Records drawn from a dataset:
+++

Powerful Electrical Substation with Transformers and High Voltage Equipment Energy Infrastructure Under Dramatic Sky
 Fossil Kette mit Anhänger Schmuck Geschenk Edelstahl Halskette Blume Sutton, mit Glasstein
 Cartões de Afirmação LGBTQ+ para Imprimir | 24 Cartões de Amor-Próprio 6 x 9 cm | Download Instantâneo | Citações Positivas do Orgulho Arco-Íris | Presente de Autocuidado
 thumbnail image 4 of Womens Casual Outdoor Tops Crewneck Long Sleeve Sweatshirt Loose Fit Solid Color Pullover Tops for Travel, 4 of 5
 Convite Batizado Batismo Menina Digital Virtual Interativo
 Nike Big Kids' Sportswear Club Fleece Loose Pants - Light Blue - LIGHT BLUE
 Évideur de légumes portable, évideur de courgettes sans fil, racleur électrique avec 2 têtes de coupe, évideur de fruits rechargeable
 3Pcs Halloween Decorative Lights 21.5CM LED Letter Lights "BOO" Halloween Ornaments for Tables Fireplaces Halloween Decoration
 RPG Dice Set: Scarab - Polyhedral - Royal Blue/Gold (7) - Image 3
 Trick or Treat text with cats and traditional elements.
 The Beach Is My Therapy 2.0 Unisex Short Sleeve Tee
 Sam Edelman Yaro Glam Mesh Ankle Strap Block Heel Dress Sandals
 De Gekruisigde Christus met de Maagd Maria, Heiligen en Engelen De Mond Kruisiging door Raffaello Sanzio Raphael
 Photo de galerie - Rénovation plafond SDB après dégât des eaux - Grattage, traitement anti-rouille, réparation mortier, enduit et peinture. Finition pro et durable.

+++

▶ **Required action**
Going through the entries above, show each line that contains "Loose".

▶ **Exercise solution**
 thumbnail image 4 of Womens Casual Outdoor Tops Crewneck Long Sleeve Sweatshirt Loose Fit Solid Color Pullover Tops for Travel, 4 of 5
 Nike Big Kids' Sportswear Club Fleece Loose Pants - Light Blue - LIGHT BLUE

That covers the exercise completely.